REQUIREMENT =
Reproduce exactly the line containing "TASSI-GO Reusable Capsule" and each line after it until the listing ends, leaving pictures out.

____________

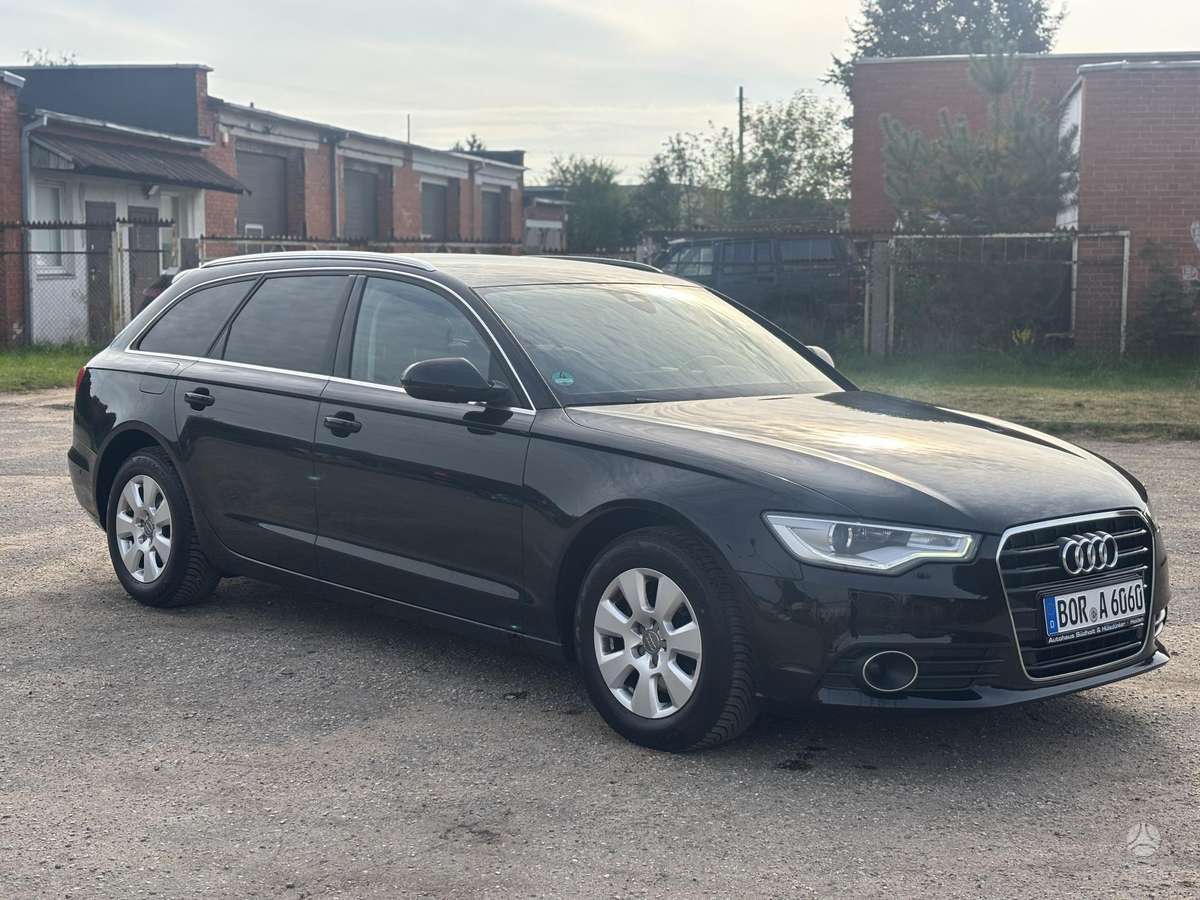 Audi A6 2013 — двигун 2967 cm³, 204 HP (150kW)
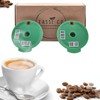 TASSI-GO Reusable Capsule - Refillable Coffee Capsules Compatible with Bosch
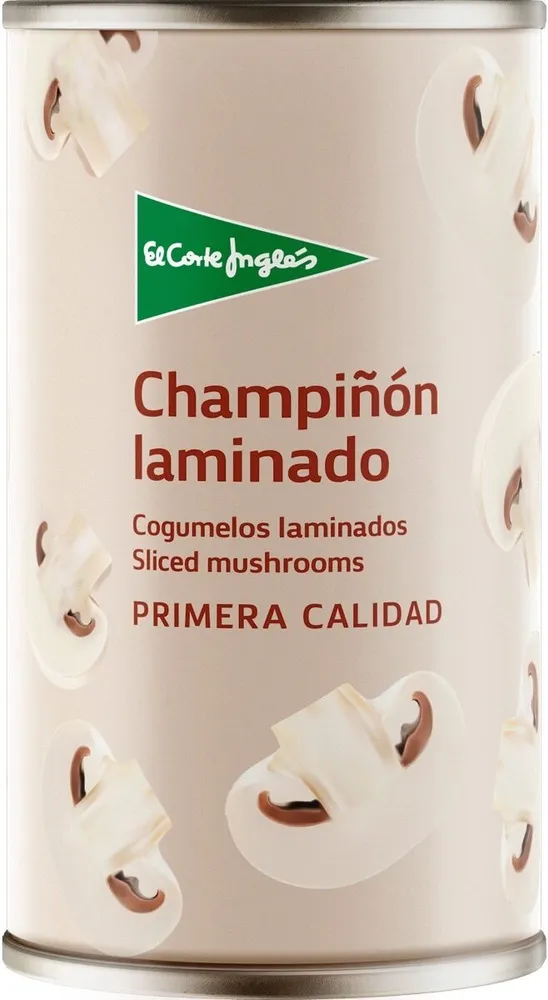 Champiñón laminado de primera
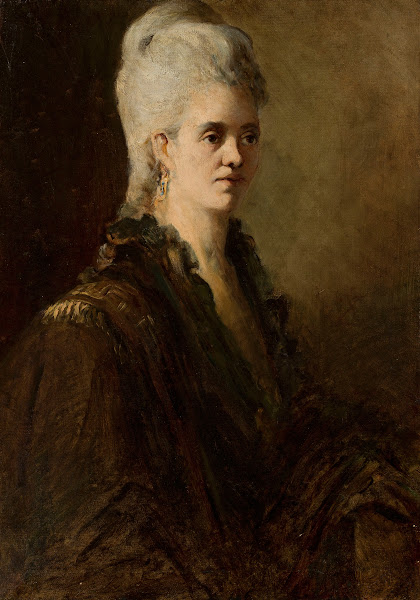 Portrait of a woman  Mrs Zarewicz 1878
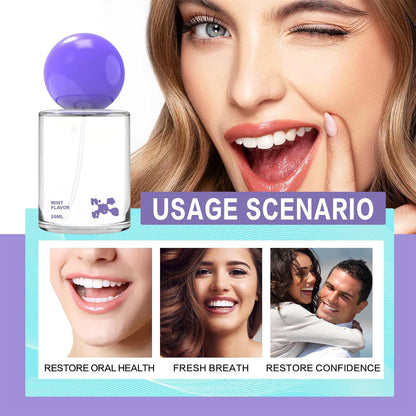 Probiotic Oral Spray – Portable, Travel-Sized Fresh Breath, 1 Pack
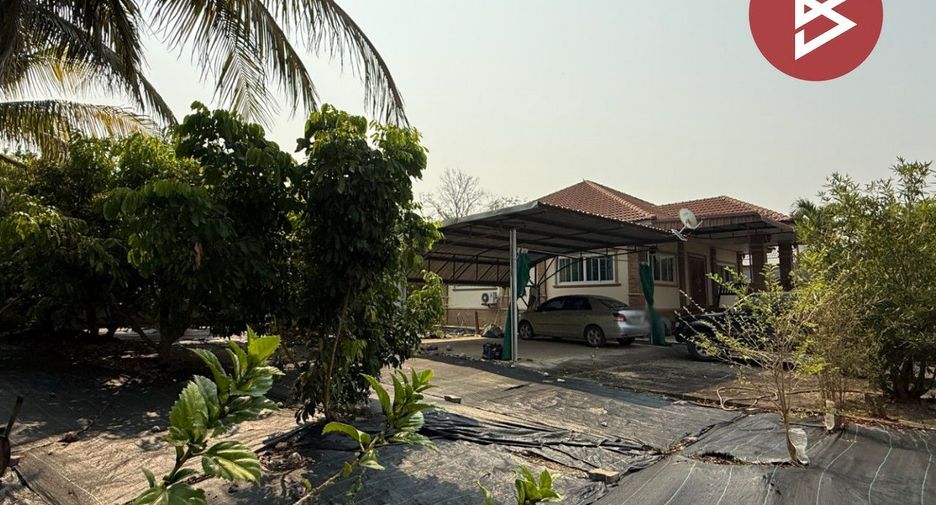 For sale 2 bedrooms house in Ban Hong, Lamphun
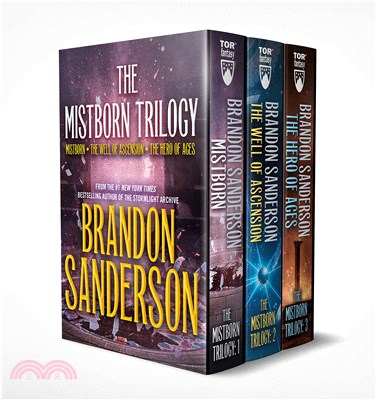 Mistborn Set (平裝本)(美國版)― Mistborn, the Well of Ascension, the Hero of Ages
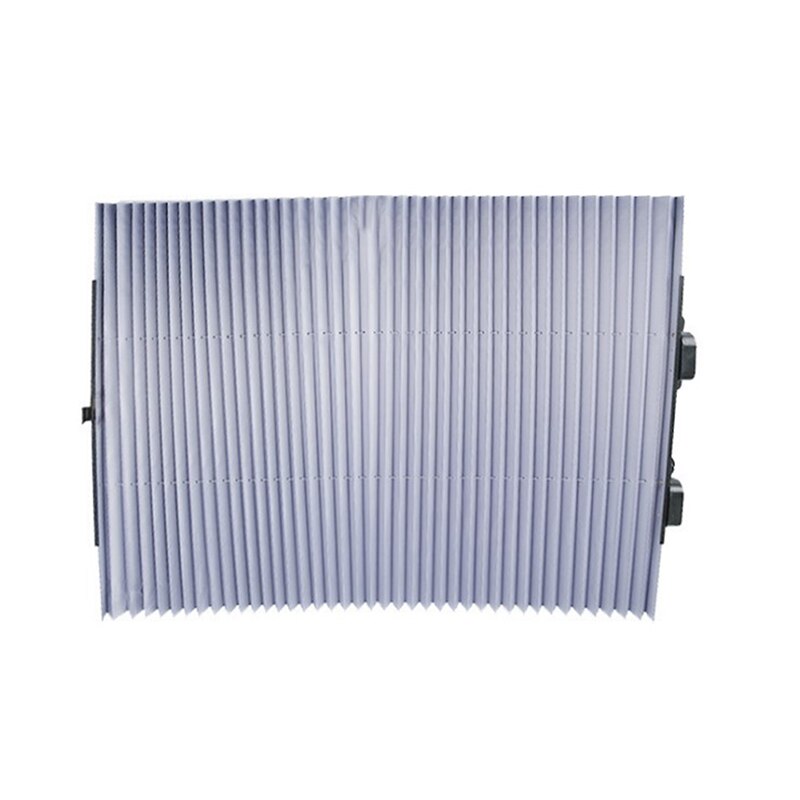 1pc 46cm/65cm/70cm chique opvouwbare auto voorruit zonneklep voor voor- en achterruit zonnescherm enthousiast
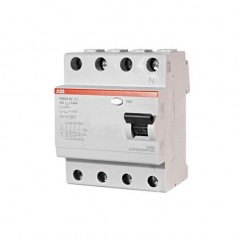 Устройства защитного отключения (УЗО) ABB FH200 4P 40А, 30 мА ( AC ), FH204 AC-40//0,03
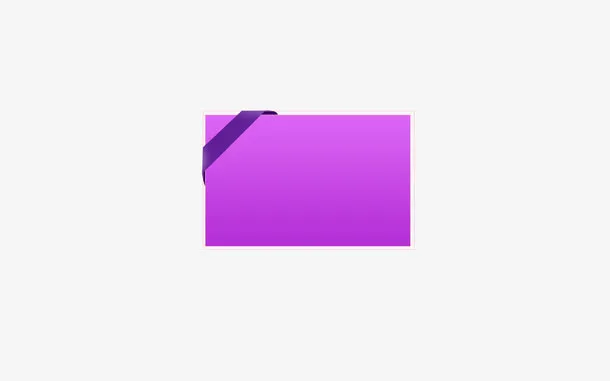 促销标签栏免抠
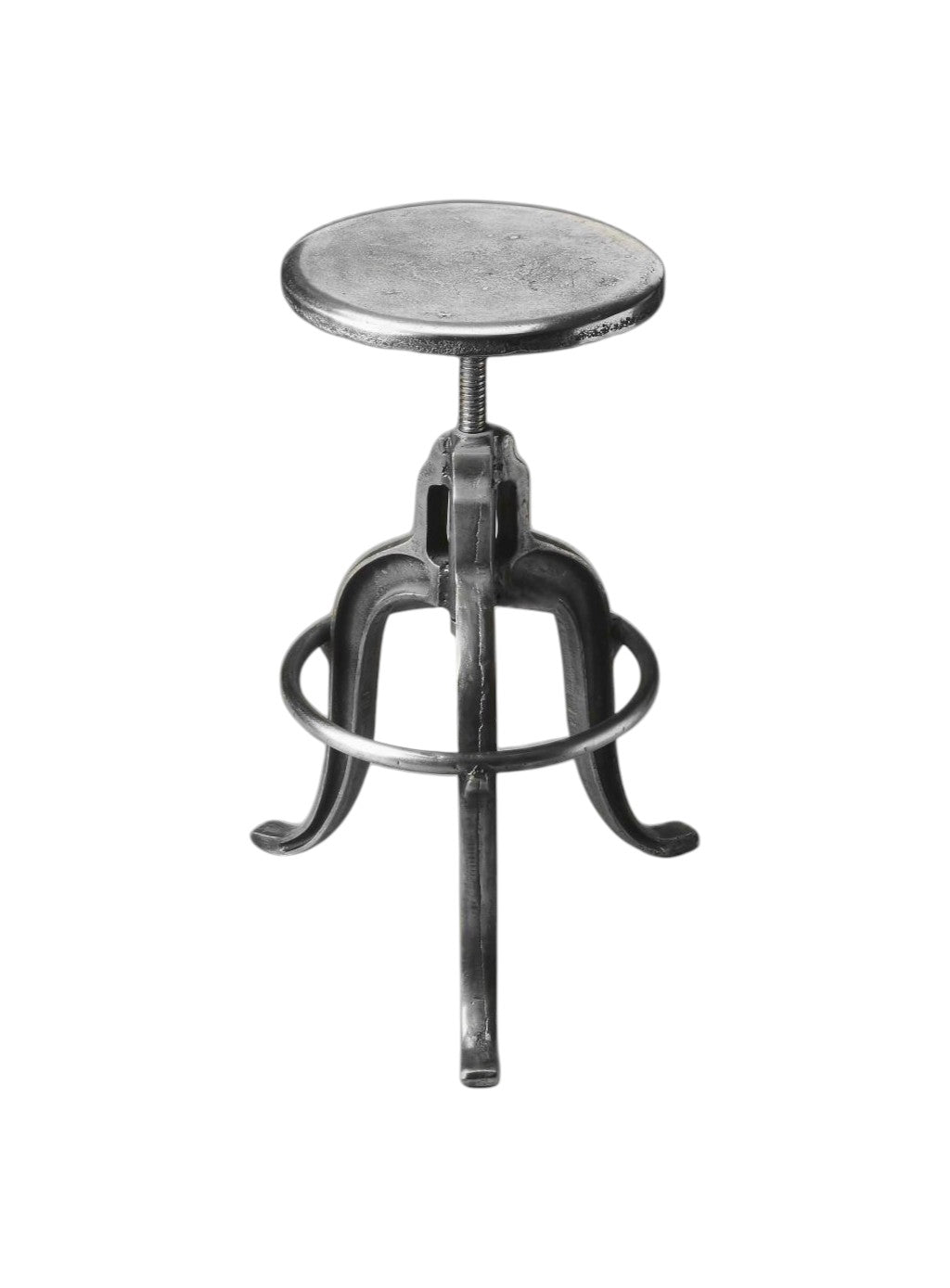 Iron Backless Swivel Bar Chair - GreatEagleInc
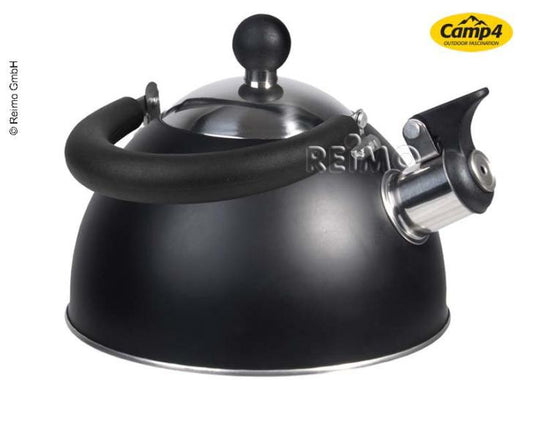 Caldaia a canne fumaria nero opaco, contenuto 1,8 lt., acciaio inox 304 922198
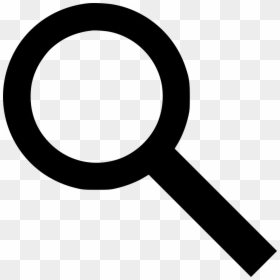 Transparent Background Search Icon, HD Png Download - magnifying glass png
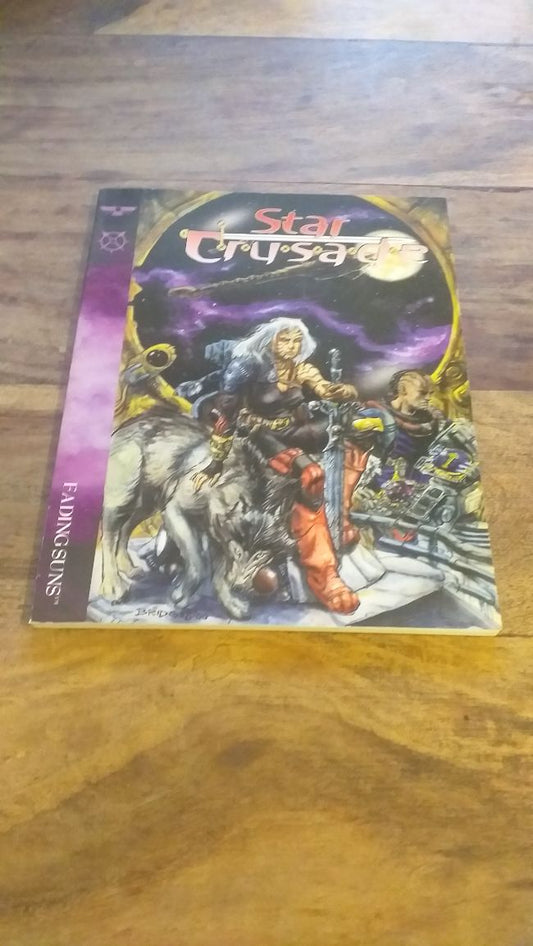 Star Crusade Fading Suns Holistic Design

____________

COMPLETED TASK =
 TASSI-GO Reusable Capsule - Refillable Coffee Capsules Compatible with Bosch
 Champiñón laminado de primera
 Portrait of a woman  Mrs Zarewicz 1878
 Probiotic Oral Spray – Portable, Travel-Sized Fresh Breath, 1 Pack
 For sale 2 bedrooms house in Ban Hong, Lamphun
 Mistborn Set (平裝本)(美國版)― Mistborn, the Well of Ascension, the Hero of Ages
 1pc 46cm/65cm/70cm chique opvouwbare auto voorruit zonneklep voor voor- en achterruit zonnescherm enthousiast
 Устройства защитного отключения (УЗО) ABB FH200 4P 40А, 30 мА ( AC ), FH204 AC-40//0,03
 促销标签栏免抠
 Iron Backless Swivel Bar Chair - GreatEagleInc
 Caldaia a canne fumaria nero opaco, contenuto 1,8 lt., acciaio inox 304 922198
 Transparent Background Search Icon, HD Png Download - magnifying glass png
 Star Crusade Fading Suns Holistic Design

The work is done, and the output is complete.